Visual technology is such that we're not too far away from being able to "paper" a room with very thin, bendable computer displays. The result would be garish but fascinating. Garish because the technology's not good enough to make it easy on the eyes. Fascinating in that at the fringes you'd be seeing more or less constant movement, ripples of change that reflect ongoing corrections in the tree of life. Then every so often there would be a major cracking like an earthquake, as a fundamental adjustment is made.

Sometimes there are hazes, where differences of opinion result in toggles between different states.

Tomorrow, Amira, I'll go into some of those hazes. A recent article on linkages between arthropods and nematodes, vertebrates and echinoderms, speaks to some top-level cladistic relationships - but these are not without contention.

Thursday, February 21, 2008

Seaweed linked to parasites

A brief article on the Herald's website heralds the discovery of a type of brown algae whose closed relatives include a couple of parasites, cryptosporidium and plasmodium.
This is the closest yet to linking those parasites to algae.

The link is already understood in general terms, because the parasites contain relics of chloroplasts, the mechanism for photosynthesising sunlight into energy. The parasites thus evolved from feeding off sunlight to feeding directly off hosts, leaving residual traces of their origins.

Previously, the closest link between those parasites and algae was a group of dinoflagellates (some parasitic simple algae); this discovery brings the link much closer.

The resonance with Sydney is that they were found in Sydney harbour, while seeking algae living in coral.

Brown algae tends to manifest as seaweed.

Cryptosporidium and plasmodium are both single-cell eukaryotes of the phylum Apicomplexa (classes Aconoidasida and Conoidasida respectively - differing in the absence/presence of the conoid, an organelle comprised of a "funnel of rods").

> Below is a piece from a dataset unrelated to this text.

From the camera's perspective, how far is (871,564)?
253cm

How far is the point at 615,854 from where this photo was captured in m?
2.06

Brown algae are distinguished by chloroplasts with four membranes, suggesting an origin in symbiosis between two eukaryotes. While Brown algae, dinoflagellates and those parasites are all eukaryotes, in the kingdom chromalveolata. Brown algae are multicellular; the parasites are unicellular, and dinoflagellates are... _mostly_ unicellular.

The online report raises more questions than answers. It refers to the print edition, but it's not been published there. What is the name of this new algae? Which dinoflagellates? The findings are said to be published in Nature, but maybe the paper hasn't been published yet, because a search of Nature's archive doesn't turn it up.


And finally... hello to Dee Carter, microbiology Associate Professor at Sydney University, quoted in the report. Based on this photo (not so much the current one at the university!), looks like the same Dee Carter who was in my class at school (Onslow College). Small world.



Other references: Wikipedia [beware, however, there are inconsistencies in classifying organisms: some use unhelpful paraphyletic groupings such as protista.]